Unlawful International Data Transfers
Many AI providers process data outside the EU. Without a reliable transfer basis, such as those defined in Art. 44 et seq. GDPR, companies face the risk of substantial fines. While the EU-US Data Privacy Framework offers a viable adequacy decision, it applies only to certified US companies and requires correct integration. Private use of AI circumvents any company-level transfer due diligence, creating significant legal exposure.
Trade Secrets in the Insecurity Loophole
Trade secrets are only protected if "appropriate confidentiality measures" have been taken (Section 2 No. 1 b GeschGehG). Tolerating private AI channels directly undermines these measures. There is no contractually secured confidentiality standard, no technical access control, and no audit trail. In the event of a dispute, this lack of protection can lead to considerable claims. For a comprehensive strategy, consider developing a confidentiality strategy for startups.

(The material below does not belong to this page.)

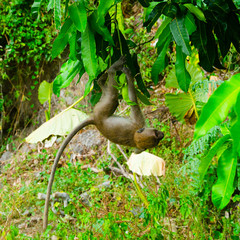 macaco sul ramo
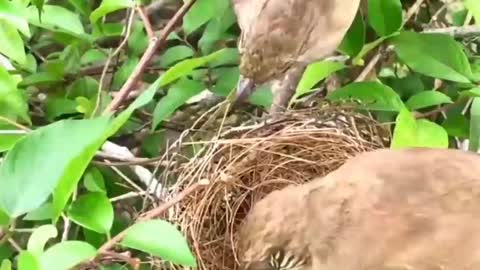 Saving ants' chicks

Pitfalls Under Employment and Works Constitution Law
The involvement of the works council is usually required as soon as the use of AI tools is controlled, monitored, or evaluated. Section 87 (1) no. 6 BetrVG (technical equipment for monitoring behavior/performance) regularly imposes a co-determination obligation here. This applies regardless of intent, as the objective suitability for monitoring is sufficient to trigger this requirement.
Liability for Incorrect Content and Rights Chains
AI can produce "hallucinated" facts, introduce license ambiguities in generated code or images, and lead to the unauthorized use of confidential information. Such issues can trigger contractual and tortious liability. Without clear approval processes and source documentation, it is difficult to prove that work or services were provided with due care. This risk is particularly relevant in areas like product liability for software and AI.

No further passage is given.